There is no question that high-intensity interval training (HIIT) is ideal for fat loss while also preserving precious muscle tissue. There have been numerous studies, articles, blogs, etc., proclaiming the greatness of HIIT. It burns more calories, increases metabolism and EPOC (excess post-exercise oxygen consumption), preserves muscles, releases growth hormone, targets stubborn fat, reduces insulin resistance, increases endurance, all in a fraction of the time of long, slow cardio.
There are countless ways to implement HIIT into your workouts, whether through cardiovascular training, weight training or a combination of the two. The basic take-home point of interval training is to achieve a high heart rate in the zone of 80 to 95% of your estimated max heart rate for a short duration of time (from 10 seconds to three minutes). Follow this with a brief cool-down period, bringing your heart rate back into your cardiovascular zone, usually about 50 to 75% of your max heart rate.
Everyone is individual and unique, so specific speeds for the following workouts are not provided. An extreme athlete may be able to sprint at 12 mph to achieve 90% of his or her estimated heart-rate max, while a deconditioned individual may achieve 90% of his or her heart-rate max at 6 mph. Instead, use a rate of perceived exertion (RPE) scale of 1 to 10 to designate exercise intensity, with 1 being zero effort/resting heart rate and 10 being all out max effort, equivalent to about 95% of your estimated max heart rate. As a reference point, moderate cardio is usually done at an RPE of 5 to 6.
1. Always start each program with a five-minute light warm-up.
2. Modify as necessary—these are merely guidelines, so push yourself, but don’t kill yourself. Work smart!
3. Get a heart-rate monitor. It makes tracking progress and getting to within your estimated max heart rate so much easier. To find your estimated max heart rate, subtract your age from 220. For example, a 30 year old has an estimated max heart rate of 190, so 90% of his or her max heart rate is 162 beats per minute.
4. Not all intervals are created equal. A short 10-second sprint is meant to max you out by 10 seconds, and a long 60-second sprint is meant to max you out by 60 seconds. So modify your speeds. You can sprint much faster for a 10-second sprint than a 60-second sprint. Know your limits!

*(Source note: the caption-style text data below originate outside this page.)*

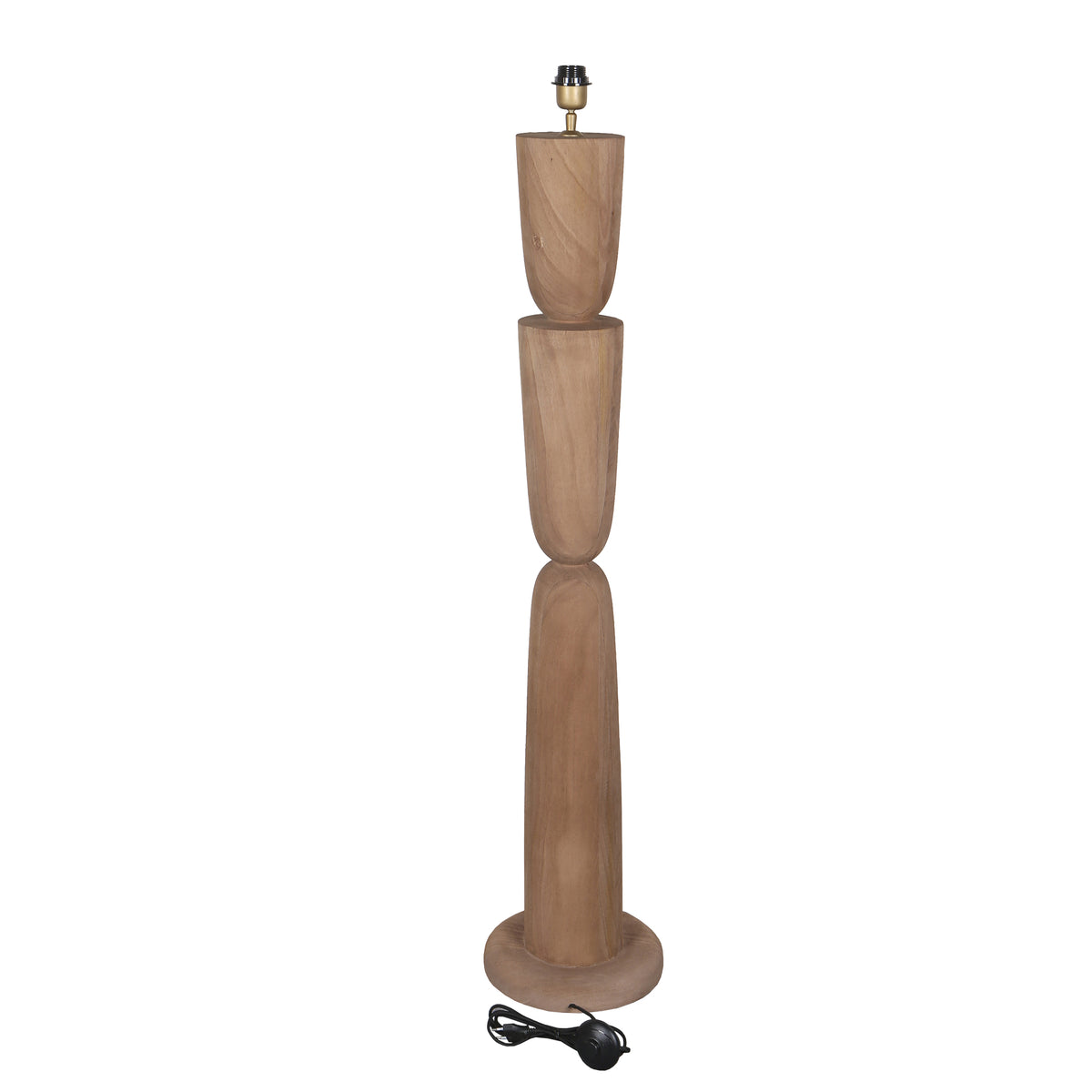 Base de lampadaire à étages en bois de manguier naturel Lorinne PTMD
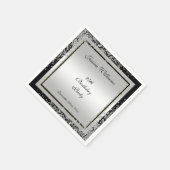 グリジーシルバー紙吹雪コーナー25th誕生日 スタンダードカクテルナプキン (角)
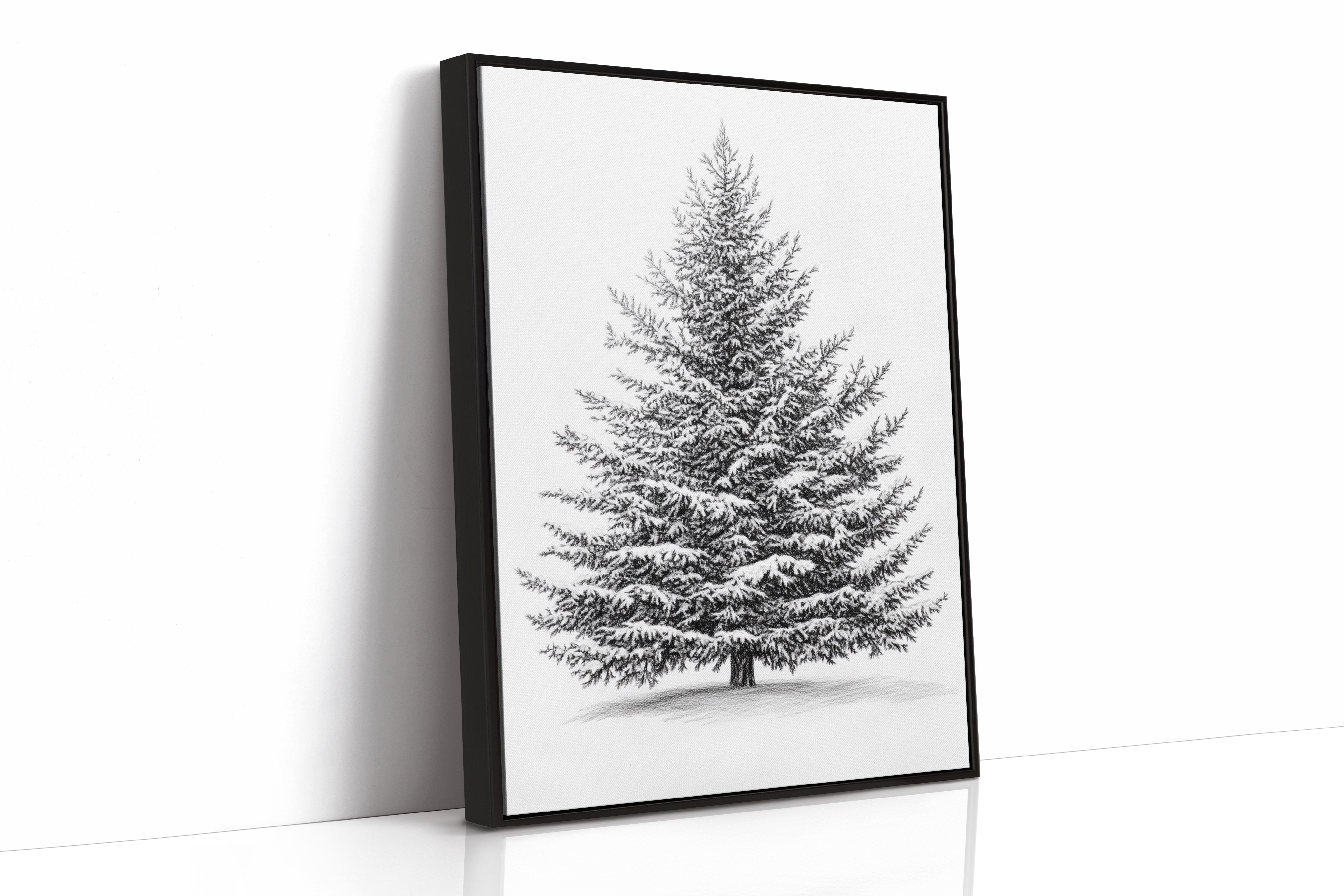 Snow-Covered Pine Tree Drawing - Winter Botanical Art - Black Framed Canvas image 1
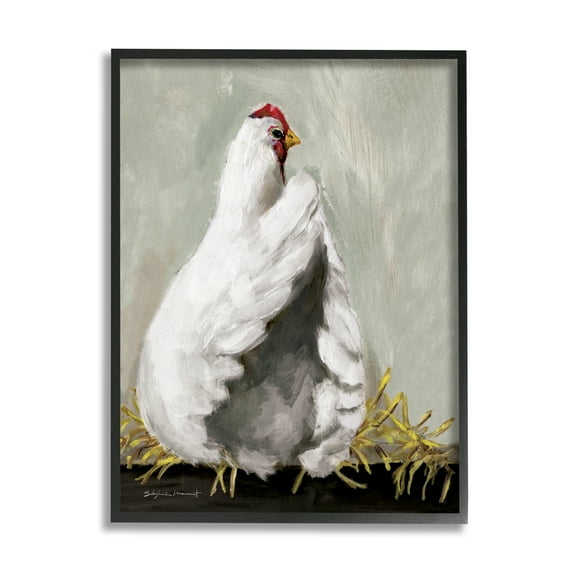 Stupell Country Hen Farm Animal Animals & Insects Painting Black Framed Art Print Wall Art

-Start with a five-minute walk/jog to warm up.
-Set the treadmill to 5% incline and walk/jog at an intensity level of 8 to 9 for two minutes.
-Set the incline to 2% and recover for one minute.
-Increase the incline to 7% and walk/jog at an intensity level of 8 to 9 for two minutes
-Set incline back to 2% and repeat sequence until you get to 15%.
-If you walk, try not to hold onto the handles. You will get much more leg activation and your heart rate will be about 10 to 15 beats per minute higher by not holding on.
-Start with a five-minute walk/jog warm-up.
-Stand on the edges of the treadmill and raise it to a 15% incline; next, set the speed to a fast walk or jog, about an intensity level of 9.
-Hop on the treadmill and walk/run for 30 seconds, then hop off and rest for 30 seconds.
-Repeat five rounds and then set the treadmill to flat and walk or jog for five minutes to recover. Repeat program if desired.
-Start with a five-minute warm-up.
-Set treadmill to 2% (a good “flat” that mimics outdoor running).
-Do a 60-second walk/jog (RPE 5-6) followed by a 60-second jog/run at (RPE 7-8).
-Slow the treadmill down to 2.0 to 3.0 mph and do a 30-second side shuffle to your right, and 30-second side shuffle to your left (RPE 5-6).
Cool down for one minute (RPE 2-3) and repeat three times. If you want, you can increase the incline by 2% each round to increase the intensity.
-Tabatas: 10-second all-out sprint (RPE 10), followed by a 20-second rest (jump off) for eight rounds (four minutes). Walk for five minutes and repeat.
-8/12: Eight-second sprint (RPE 10), followed by a 12-second rest (jump off) for nine rounds (three minutes). Walk for five minutes and repeat.
-60/60: 60-second sprint (RPE 8), followed by a 60-second slow down (RPE 5) for 10 rounds.